‘The 20th century Church of England created new bishoprics as fast as it lost congregations,’ says Sir Simon Jenkins, a sympathetic observer of England’s religious panoply. The idea of multiplying custodians of the Gospel in sync with a decline in the numbers of Christian believers would have appealed to Lewis Carroll, clergyman and fantasist, inventor of the mad hatter’s tea-party, mathematician who had a way with words. Truly, we are never very far away from Wonderland.
This imbalance is not peculiar to the C of E, of course. We are ever ready to enlarge the House of Lords. The fewer ships, the more admirals is the rule in the Royal Navy. The fewer squaddies, the more generals is the rule in the Army. Hierarchies are not the only group congenitally prone to inflation. The same is true of experts.
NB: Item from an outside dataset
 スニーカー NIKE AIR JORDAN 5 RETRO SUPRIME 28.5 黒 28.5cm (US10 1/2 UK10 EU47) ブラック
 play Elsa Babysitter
We may very well say that an expert is an ordinary person a long way from home or that experts know more and more about less and less. Bureaucrats along with experts will reasonably point out that a world of social media, of benefits and qualifications, must needs have people to look after the machinery and keep it maintained and lubricated.
As a media friend of mine said when his diocese set up a new archdeaconry, Satan must have trembled at this latest threat to his composure. The English Dean of Chicago cathedral, Dominic Barrington, has in the last few days expressed his misgivings about the centralising and inflationary trend in the UK branch of the Anglican Communion just as Bishop Gerald Ellison was doing back in the sixties. But then, we live in an age of centralism. That requires regulators, inspectors and managers. Country people will instantly declare that life may well be much more complicated these days but pigs don’t grow big by being weighed.
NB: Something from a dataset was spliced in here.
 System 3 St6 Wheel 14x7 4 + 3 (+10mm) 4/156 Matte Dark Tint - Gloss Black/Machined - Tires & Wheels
We can take lessons from supermarkets, as well as the lilies of the field. Jumbo-sized grocers are always sensitive to the butterfly habits of customers. They know that when numbers fall something has to be done. This is a matter of urgency. Customer needs must be identified. Changes must be made. The marketing strategy must be amended. But, aside from urgency, what is appropriate to a supermarket is not necessarily the best way forward for an institution conveying a message. The loss of congregations is at best disconcerting and at worst, overwhelming. It can prove to be the elephant in the room when the Church is giving thought to its responsibilities. We must, however, be true to our commission. We are not at liberty to trim the message or its vehicle to make it palatable.